Ross è stata un attore chiave nelle battaglie per la reproductive justice. Ha iniziato ha lasciare il segno nella prima metà degli anni ‘90, quando ha fondato SisterSong Women of Color Reproductive Justice Collective, la prima organizzazione che mira a costruire un movimento per la giustizia riproduttiva. In un’epoca in cui l’attivismo per i diritti riproduttivi era incentrato esclusivamente sull’aborto e sul binomio pro-scelta/pro-vita.

Oltre al suo lavoro per la giustizia riproduttiva, da diversi decenni Loretta Ross è un’attivista che si batte per i diritti della comunità afroamericana, delle donne, di tutte le minoranze, contro il suprematismo bianco imperante negli Stati Uniti.

Ma non si è mai schierata dalla parte della cancel culture o della cosiddetta call-out culture – la cultura del richiamo, chi pretende scusa pubbliche da una persona per fatti o espressioni ritenute offensive – che in tempi recenti sono state declinate in senso puramente distruttivo.

Nel 2020, intervistata dal New York Times, Loretta Ross aveva detto: «Sto sfidando la call-out culture. Penso che si possa capire quanto questi richiami siano tossici: finiscono per alienare davvero le persone e le fa temere di parlare».

Sullo stesso quotidiano aveva scritto ad agosto 2019 – diversi mesi prima delle manifestazioni di piazza, del movimento di abbattimento delle strade e dell’esplosione della cancel culture di metà 2020 – aveva scritto in prima persona un articolo intitolato: “Sono una femminista nera. Penso che la cultura del richiamo sia tossica”. Scriveva: «La call-out culture di oggi è così seducente che spesso devo resistere alla tentazione opprimente di rispondere alle persone sui social media che mi danno sui nervi».

L’idea, quindi, è che ci siano sempre modi migliori – più sani, più corretti, più umani – per portare avanti le battaglie di giustizia sociale. «I richiami sono sempre più forti e più feroci su Internet – si legge ancora nell’articolo del 2019 – amplificati dalla cultura del “clicktivista” che fornisce l’anonimato per comportamenti orribili».

Proprio per questo ha pensato di battersi per invertire la tendenza, a partire dalla scelta lessicale: il call-out si trasforma in call-in (far entrare, chiamare, accogliere). Dal sito personale di Loretta Ross ci si può iscrivere al suo corso online intitolato “Calling In: Creating Change Without Cancel Culture”, che ha l’obiettivo di sviluppare un nuovo linguaggio per creare un cambiamento sociale positivo. In un Ted Talk di agosto 2021 invocava: «Don’t call people out – call them in». E nel 2020 era tra le firmatarie della lettera di Harper’s Magazine contro le follie della cancel culture.

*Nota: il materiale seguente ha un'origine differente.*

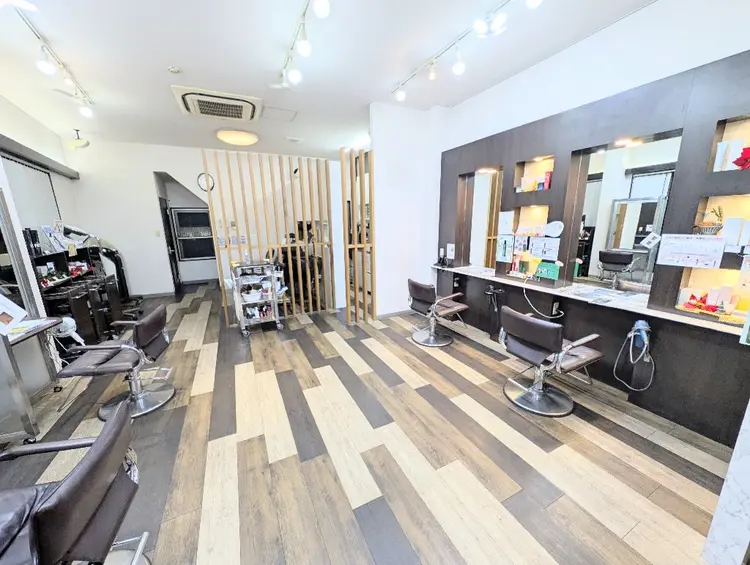 HairsalonTOYAMA中郡店の内観・外観2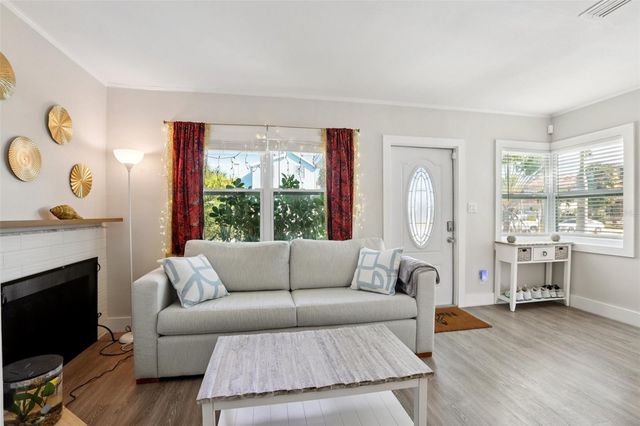 15424 2ND STREET E, Madeira Beach, FL 33708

Più semplicemente, in ogni discorso, in ogni lezione, in ogni apparizione pubblica Loretta J. Ross ci ricorda che nessuno dovrebbe finire alla gogna per aver preso in giro qualcuno in passato, per aver pubblicato un tweet di cui ora si pente o si vergogna, o perché qualche anno fa ha pagato per vedere dal vivo uno spettacolo di Louis Ck.